Fixing Less, Co-Regulating More: Emotional Connection Across the Lifespan
At its core, co-regulation is not a parenting trick or a therapeutic buzzword — it’s a dynamic interpersonal process that sits at the foundation of human development. Before a child can learn to manage big feelings, they must first experience emotional coregulation: being met, mirrored, and soothed by other adults during moments of distress. This is how a child learns how emotions move through the body, how stress resolves, and how safety feels. Those early experiences shape emotional intelligence, influence how we relate to our own emotions later in life, and quietly program our stress response. And while individual differences absolutely matter, the same effect shows up again and again across cultures and age groups: regulation is learned in relationship. It’s a critical precursor to developing our own self-regulation skills — not a replacement for them.

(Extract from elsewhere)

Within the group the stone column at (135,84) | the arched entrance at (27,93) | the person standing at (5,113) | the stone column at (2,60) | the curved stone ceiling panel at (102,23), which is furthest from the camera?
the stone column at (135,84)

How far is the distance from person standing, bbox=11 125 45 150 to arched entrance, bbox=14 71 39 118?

The hopeful part? This process doesn’t end in childhood. Even if early experiences were inconsistent, co-regulation remains available to us across the lifespan. Through practicing co-regulation with safe people — partners, friends, therapists, family members, even brief moments of attuned connection with strangers — we continue refining our own thinking, calming our nervous systems, and expanding our capacity to feel without becoming overwhelmed.

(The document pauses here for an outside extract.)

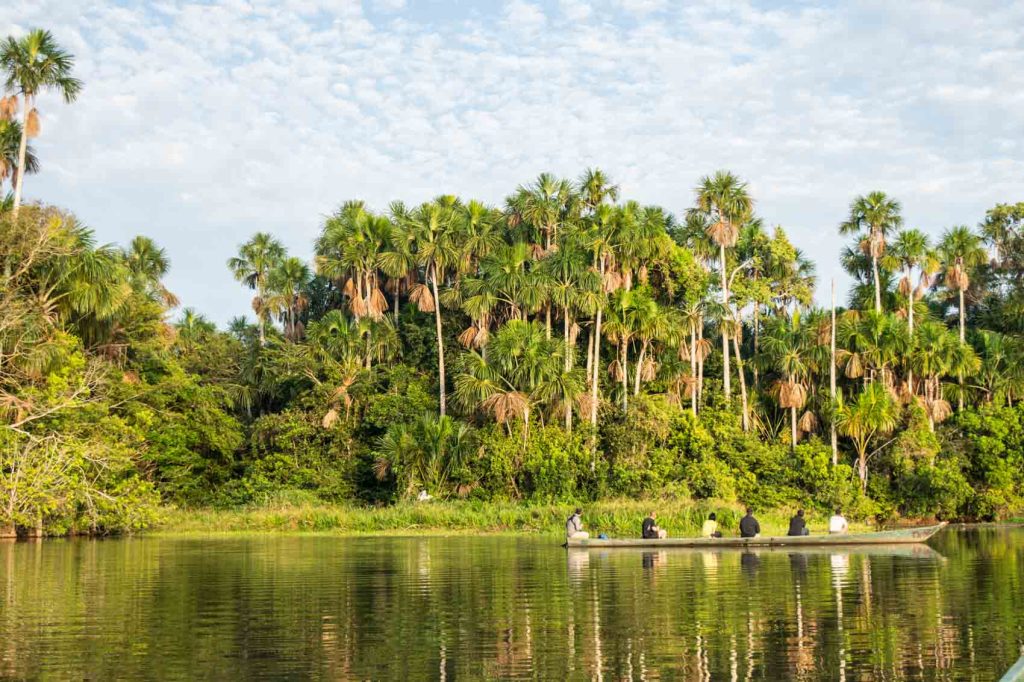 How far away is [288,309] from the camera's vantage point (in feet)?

Over time, these interactions support our ability to self-regulate, to tolerate discomfort, and to respond rather than react. From shared speech rhythms to subtle emotional cues, the body remembers how to settle when it’s not alone. And while future research will continue to refine how this works, the takeaway is already clear: healing doesn’t happen in isolation. It happens when we allow ourselves to be human — shaped by connection, softened by presence, and supported by one another as we grow.
Watching a four- and five-year-old that day, it struck me how co-regulation doesn’t require perfect words or therapeutic skill. It asks something simpler and harder: that we simply show up. That we tolerate our own discomfort long enough to stay with someone else’s. That we resist the urge to fix and instead offer presence. That we share joy with successes instead of judgment.
In an isolated world that prizes self-sufficiency, this kind of presence is quietly radical. It reminds the body of something deeply ancient and deeply human:
We were never meant to do this alone.
Nola and Ian didn’t know the science. They didn’t need to. Their nervous systems knew exactly what to do — and it felt so natural they turned it into a game.
Maybe it's simple enough this holiday season to remember that healing doesn’t always have to be about doing more. It can easily begin with being with.